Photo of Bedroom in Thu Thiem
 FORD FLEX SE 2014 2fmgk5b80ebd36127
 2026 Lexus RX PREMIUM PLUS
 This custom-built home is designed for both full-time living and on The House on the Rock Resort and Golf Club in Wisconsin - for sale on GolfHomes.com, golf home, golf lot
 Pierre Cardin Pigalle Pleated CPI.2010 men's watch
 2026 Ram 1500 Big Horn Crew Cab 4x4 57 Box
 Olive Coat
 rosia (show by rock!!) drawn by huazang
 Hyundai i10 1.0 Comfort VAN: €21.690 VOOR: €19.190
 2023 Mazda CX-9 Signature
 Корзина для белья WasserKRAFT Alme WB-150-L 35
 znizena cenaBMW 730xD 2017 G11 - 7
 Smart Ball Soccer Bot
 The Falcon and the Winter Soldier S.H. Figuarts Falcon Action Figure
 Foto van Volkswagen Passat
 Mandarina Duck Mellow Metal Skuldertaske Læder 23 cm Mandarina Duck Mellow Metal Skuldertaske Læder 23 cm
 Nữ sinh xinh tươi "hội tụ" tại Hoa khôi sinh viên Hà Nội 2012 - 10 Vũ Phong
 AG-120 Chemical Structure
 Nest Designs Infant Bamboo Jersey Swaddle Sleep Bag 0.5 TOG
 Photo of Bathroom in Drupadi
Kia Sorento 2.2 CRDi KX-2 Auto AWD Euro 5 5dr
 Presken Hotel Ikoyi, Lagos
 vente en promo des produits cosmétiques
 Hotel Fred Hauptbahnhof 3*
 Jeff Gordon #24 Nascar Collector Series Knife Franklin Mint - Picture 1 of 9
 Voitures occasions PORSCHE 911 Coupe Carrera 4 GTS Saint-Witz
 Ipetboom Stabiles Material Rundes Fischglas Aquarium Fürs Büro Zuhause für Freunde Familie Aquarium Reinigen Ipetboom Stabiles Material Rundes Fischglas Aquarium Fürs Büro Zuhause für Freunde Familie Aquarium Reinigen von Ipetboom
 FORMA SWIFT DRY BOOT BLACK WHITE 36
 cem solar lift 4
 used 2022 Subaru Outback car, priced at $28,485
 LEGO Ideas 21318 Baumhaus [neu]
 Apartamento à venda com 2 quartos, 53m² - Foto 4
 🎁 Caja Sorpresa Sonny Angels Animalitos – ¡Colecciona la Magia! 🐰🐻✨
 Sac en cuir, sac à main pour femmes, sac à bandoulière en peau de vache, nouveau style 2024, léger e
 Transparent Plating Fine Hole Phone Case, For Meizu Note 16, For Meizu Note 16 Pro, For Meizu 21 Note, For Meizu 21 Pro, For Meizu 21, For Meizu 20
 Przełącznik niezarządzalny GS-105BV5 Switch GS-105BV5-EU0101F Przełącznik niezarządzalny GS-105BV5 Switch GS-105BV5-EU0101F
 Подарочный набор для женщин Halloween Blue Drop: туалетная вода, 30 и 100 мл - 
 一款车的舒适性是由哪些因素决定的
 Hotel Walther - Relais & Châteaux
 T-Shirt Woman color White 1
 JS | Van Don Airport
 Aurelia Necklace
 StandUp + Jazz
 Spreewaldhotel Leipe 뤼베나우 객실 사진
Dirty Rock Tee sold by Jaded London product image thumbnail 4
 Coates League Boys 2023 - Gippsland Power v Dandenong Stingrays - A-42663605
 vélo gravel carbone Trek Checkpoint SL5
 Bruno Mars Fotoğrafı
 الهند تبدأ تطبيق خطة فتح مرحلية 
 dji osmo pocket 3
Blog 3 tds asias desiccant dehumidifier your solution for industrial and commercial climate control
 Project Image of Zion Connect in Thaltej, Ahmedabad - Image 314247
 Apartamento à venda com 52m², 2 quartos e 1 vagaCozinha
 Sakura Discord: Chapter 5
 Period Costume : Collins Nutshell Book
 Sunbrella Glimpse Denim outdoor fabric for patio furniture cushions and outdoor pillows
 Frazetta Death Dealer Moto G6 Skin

---

# EXERCISE
Your output should be an exact copy of the lines from the top of the listing above to the line with "vente en promo des produits cosmétiques", both ends included.

# ANSWER TO THIS EXERCISE
Photo of Bedroom in Thu Thiem
 FORD FLEX SE 2014 2fmgk5b80ebd36127
 2026 Lexus RX PREMIUM PLUS
 This custom-built home is designed for both full-time living and on The House on the Rock Resort and Golf Club in Wisconsin - for sale on GolfHomes.com, golf home, golf lot
 Pierre Cardin Pigalle Pleated CPI.2010 men's watch
 2026 Ram 1500 Big Horn Crew Cab 4x4 57 Box
 Olive Coat
 rosia (show by rock!!) drawn by huazang
 Hyundai i10 1.0 Comfort VAN: €21.690 VOOR: €19.190
 2023 Mazda CX-9 Signature
 Корзина для белья WasserKRAFT Alme WB-150-L 35
 znizena cenaBMW 730xD 2017 G11 - 7
 Smart Ball Soccer Bot
 The Falcon and the Winter Soldier S.H. Figuarts Falcon Action Figure
 Foto van Volkswagen Passat
 Mandarina Duck Mellow Metal Skuldertaske Læder 23 cm Mandarina Duck Mellow Metal Skuldertaske Læder 23 cm
 Nữ sinh xinh tươi "hội tụ" tại Hoa khôi sinh viên Hà Nội 2012 - 10 Vũ Phong
 AG-120 Chemical Structure
 Nest Designs Infant Bamboo Jersey Swaddle Sleep Bag 0.5 TOG
 Photo of Bathroom in Drupadi
Kia Sorento 2.2 CRDi KX-2 Auto AWD Euro 5 5dr
 Presken Hotel Ikoyi, Lagos
 vente en promo des produits cosmétiques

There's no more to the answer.